Caterpillar Inc. has long been in the forefront of efforts to create flexible factories that can respond to shifts in demand or technology. The Peoria-based company launched a $2.1 billion modernization plan in 1987 designed to save $ 420 million by 1993. Then last year, new CEO Donald V. Fites decided that Cat needed to be faster on its feet. So he decentralized the construction-equipment maker into 17 profit centers.
Now, Fites wants to squeeze flexibility out of his 17,000 unionized workers. In a bruising clash with the United Auto Workers, Cat is trying to eliminate companywide contract provisions covering everything from job classifications to work rules. Instead, Fites wants each profit center to use whatever work arrangement best fits its needs.
BAD QUARTER. The goal, a spokesman says, is to keep pace with archrival Komatsu Ltd. and other foreign producers. (Senior Caterpillar executives wouldn't comment for this story.) Last year, a record $6 billion of Cat's $ 11.4 billion in sales was outside the U. S. And $3.4 billion of that involved products built in the U. S. Industry analysts say that U. S. labor rates could hurt sales if the dollar rises and wipes out the edge provided by its current weakness. The company also says that it can't afford the package the UAW just won at Deere & Co.

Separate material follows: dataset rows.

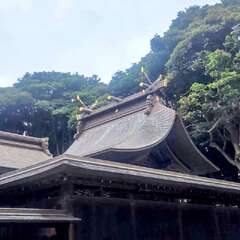 投稿日:2025年10月13日 写真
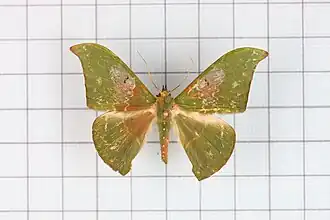 Tanaorhinus viridiluteata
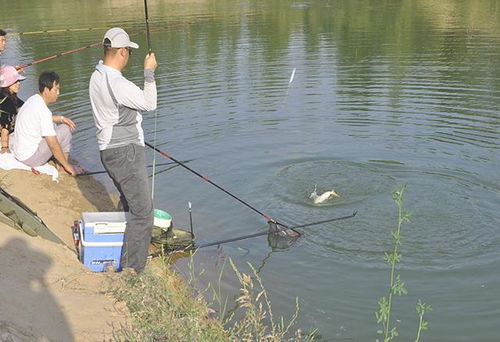 冬季砸开薄冰钓鱼的秘籍,饵料选择与操作技巧全解析 冬季砸开薄冰钓鱼的秘籍,饵料选择与操作技巧全解析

In the UAW, Fites may have met an even tougher opponent than the Japanese. The UAW won't easily part with its tradition of a "pattern" agreement for the industry. It put 2,400 members on strike in early November in hopes of pressuring Cat without idling all UAW members there. Cat retaliated by locking out 6,000 more workers. On Nov. 20, it laid off 500. A long conflict seems likely. Declares UAW Secretary-Treasurer Bill Casstevens: "We're light years apart."
The dispute is mauling Cat's bottom line. On Nov. 14, the company conceded that it will lose more than $86 million in the fourth quarter and twice that for 1991. David G. Sutliff, an analyst at S. G. Warburg & Co., figures that the strike accounts for more than half of the yearend collapse. "I don't know what Caterpillar will get out of this conflict that's worth this price," says Sutliff.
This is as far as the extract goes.